Experiments and results analysis

The LiDAR calibration diagram illustrates the intrinsic and extrinsic calibration procedure involving geometric alignment with known reference markers. The Voronoi skeleton extraction diagram presents a step-by-step representation of spatial segmentation, medial axis extraction, and topology simplification, as shown in Fig. 6.

Fig. 6
figure 6

LiDAR calibration and Voronoi skeleton extraction.

Evaluation of 3D mapping performance

The use of point cloud data in this study is essential for capturing accurate spatial and geometric information of the unloading environment, which cannot be reliably obtained through conventional RGB or night vision cameras. Unlike 2D imaging, point cloud data provides dense three-dimensional measurements that are critical for modeling the structure of the grab crane, its surroundings, and dynamic obstacles with high precision. This spatial fidelity enables real-time depth estimation, volumetric analysis, and trajectory planning for the unloading process. Moreover, in dusty or low-light port environments where RGB imaging may suffer from occlusion or poor visibility, LiDAR-generated point clouds remain robust and unaffected by lighting conditions. These advantages justify the adoption of 3D mapping techniques for ensuring operational safety and automation reliability. To validate the feasibility and effectiveness of the machine vision-based dynamic 3D coordinate system construction method in the unloader operation process, typical experimental platforms were set up in both laboratory and actual port environments. Data collection and system operation tests were conducted in multiple scenarios. The experimental environments include three operational conditions: model laboratory, daytime operations at the port, and nighttime operations at the port. These cover typical conditions ranging from ideal controlled environments to complex dynamic field conditions, ensuring that the experimental results are representative and generalizable.
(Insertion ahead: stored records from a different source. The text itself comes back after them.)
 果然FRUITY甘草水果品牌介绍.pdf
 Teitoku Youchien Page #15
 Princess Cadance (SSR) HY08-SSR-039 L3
In terms of hardware configuration, the core of the 3D mapping system adopts a dual-vision sensor structure that combines the Intel RealSense D455 RGB-D camera and the Livox Mid-70 LiDAR. The former is responsible for capturing image and depth information, while the latter provides high-density point cloud support. Additionally, to further improve the robustness of pose estimation, the system integrates an Xsens MTi-30 IMU unit, which provides acceleration and angular velocity data for auxiliary optimization. These devices are installed at key structural locations of the unloader, including the grab beam, pitch platform, and the main frame of the trolley, and are fixed using aluminum alloy mounting brackets to ensure stability of the viewpoint and consistency of the coordinate system. In the port environment (Fig. 7), to avoid the impact of day-night lighting differences on recognition performance, the RGB image channel is equipped with an automatic exposure and median filtering enhancement module.

Fig. 7
figure 7

Schematic diagram of the unloader operational environment.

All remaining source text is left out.